● Work request
Write out each entry, exactly the way it appears.

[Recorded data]
####
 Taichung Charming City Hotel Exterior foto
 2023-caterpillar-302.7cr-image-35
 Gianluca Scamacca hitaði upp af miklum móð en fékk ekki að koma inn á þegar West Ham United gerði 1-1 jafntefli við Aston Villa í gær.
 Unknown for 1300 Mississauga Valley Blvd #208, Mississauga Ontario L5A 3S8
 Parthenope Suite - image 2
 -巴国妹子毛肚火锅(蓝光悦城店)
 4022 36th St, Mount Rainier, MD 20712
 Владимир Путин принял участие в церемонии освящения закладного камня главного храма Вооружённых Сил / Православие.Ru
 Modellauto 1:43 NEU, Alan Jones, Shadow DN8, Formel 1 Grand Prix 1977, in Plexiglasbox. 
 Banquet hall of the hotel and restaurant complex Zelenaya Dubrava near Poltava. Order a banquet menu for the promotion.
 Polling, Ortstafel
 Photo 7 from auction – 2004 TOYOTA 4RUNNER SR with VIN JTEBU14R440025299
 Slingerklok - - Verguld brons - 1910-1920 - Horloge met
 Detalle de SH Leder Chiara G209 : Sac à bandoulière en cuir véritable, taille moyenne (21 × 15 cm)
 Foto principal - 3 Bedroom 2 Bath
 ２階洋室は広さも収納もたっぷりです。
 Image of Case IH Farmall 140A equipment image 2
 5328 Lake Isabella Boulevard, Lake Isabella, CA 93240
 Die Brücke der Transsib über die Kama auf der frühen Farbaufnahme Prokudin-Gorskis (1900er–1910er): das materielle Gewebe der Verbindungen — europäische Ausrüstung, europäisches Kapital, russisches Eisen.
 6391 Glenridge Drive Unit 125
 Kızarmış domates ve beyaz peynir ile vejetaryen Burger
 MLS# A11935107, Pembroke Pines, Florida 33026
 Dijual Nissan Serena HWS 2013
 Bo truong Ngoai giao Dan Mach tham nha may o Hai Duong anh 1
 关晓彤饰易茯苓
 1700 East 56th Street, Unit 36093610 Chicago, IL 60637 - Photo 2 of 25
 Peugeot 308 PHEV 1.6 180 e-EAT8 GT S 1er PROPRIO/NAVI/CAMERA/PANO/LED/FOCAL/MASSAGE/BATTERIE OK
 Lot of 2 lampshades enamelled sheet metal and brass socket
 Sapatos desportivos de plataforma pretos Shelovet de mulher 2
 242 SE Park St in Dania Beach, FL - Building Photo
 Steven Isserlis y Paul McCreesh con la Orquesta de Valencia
####
● Task answer
 Taichung Charming City Hotel Exterior foto
 2023-caterpillar-302.7cr-image-35
 Gianluca Scamacca hitaði upp af miklum móð en fékk ekki að koma inn á þegar West Ham United gerði 1-1 jafntefli við Aston Villa í gær.
 Unknown for 1300 Mississauga Valley Blvd #208, Mississauga Ontario L5A 3S8
 Parthenope Suite - image 2
 -巴国妹子毛肚火锅(蓝光悦城店)
 4022 36th St, Mount Rainier, MD 20712
 Владимир Путин принял участие в церемонии освящения закладного камня главного храма Вооружённых Сил / Православие.Ru
 Modellauto 1:43 NEU, Alan Jones, Shadow DN8, Formel 1 Grand Prix 1977, in Plexiglasbox. 
 Banquet hall of the hotel and restaurant complex Zelenaya Dubrava near Poltava. Order a banquet menu for the promotion.
 Polling, Ortstafel
 Photo 7 from auction – 2004 TOYOTA 4RUNNER SR with VIN JTEBU14R440025299
 Slingerklok - - Verguld brons - 1910-1920 - Horloge met
 Detalle de SH Leder Chiara G209 : Sac à bandoulière en cuir véritable, taille moyenne (21 × 15 cm)
 Foto principal - 3 Bedroom 2 Bath
 ２階洋室は広さも収納もたっぷりです。
 Image of Case IH Farmall 140A equipment image 2
 5328 Lake Isabella Boulevard, Lake Isabella, CA 93240
 Die Brücke der Transsib über die Kama auf der frühen Farbaufnahme Prokudin-Gorskis (1900er–1910er): das materielle Gewebe der Verbindungen — europäische Ausrüstung, europäisches Kapital, russisches Eisen.
 6391 Glenridge Drive Unit 125
 Kızarmış domates ve beyaz peynir ile vejetaryen Burger
 MLS# A11935107, Pembroke Pines, Florida 33026
 Dijual Nissan Serena HWS 2013
 Bo truong Ngoai giao Dan Mach tham nha may o Hai Duong anh 1
 关晓彤饰易茯苓
 1700 East 56th Street, Unit 36093610 Chicago, IL 60637 - Photo 2 of 25
 Peugeot 308 PHEV 1.6 180 e-EAT8 GT S 1er PROPRIO/NAVI/CAMERA/PANO/LED/FOCAL/MASSAGE/BATTERIE OK
 Lot of 2 lampshades enamelled sheet metal and brass socket
 Sapatos desportivos de plataforma pretos Shelovet de mulher 2
 242 SE Park St in Dania Beach, FL - Building Photo
 Steven Isserlis y Paul McCreesh con la Orquesta de Valencia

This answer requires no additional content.